**Your instructions:** Would you repeat the listing below exactly, with no pictures in it?

**Information shown:**
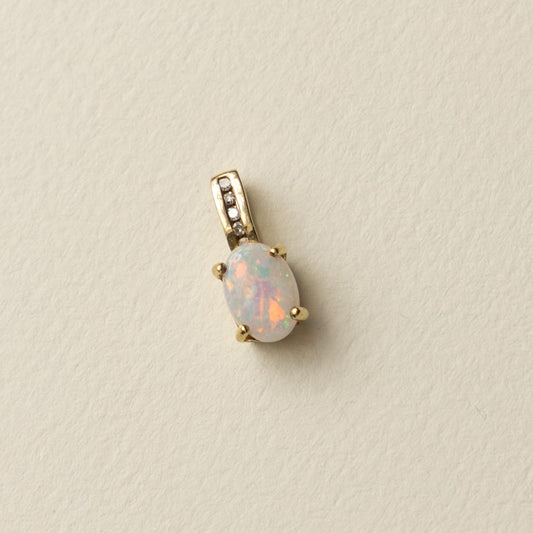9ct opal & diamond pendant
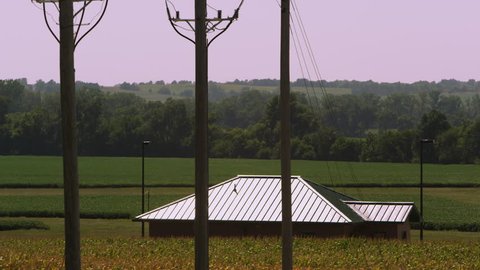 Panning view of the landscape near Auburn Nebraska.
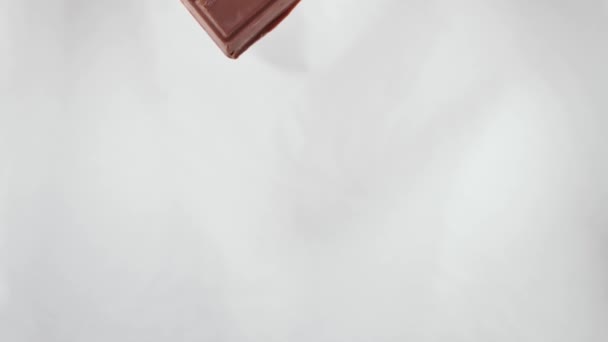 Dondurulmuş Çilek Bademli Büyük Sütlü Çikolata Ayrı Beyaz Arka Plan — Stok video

**Solution to the problem:**
9ct opal & diamond pendant
 Panning view of the landscape near Auburn Nebraska.
 Dondurulmuş Çilek Bademli Büyük Sütlü Çikolata Ayrı Beyaz Arka Plan — Stok video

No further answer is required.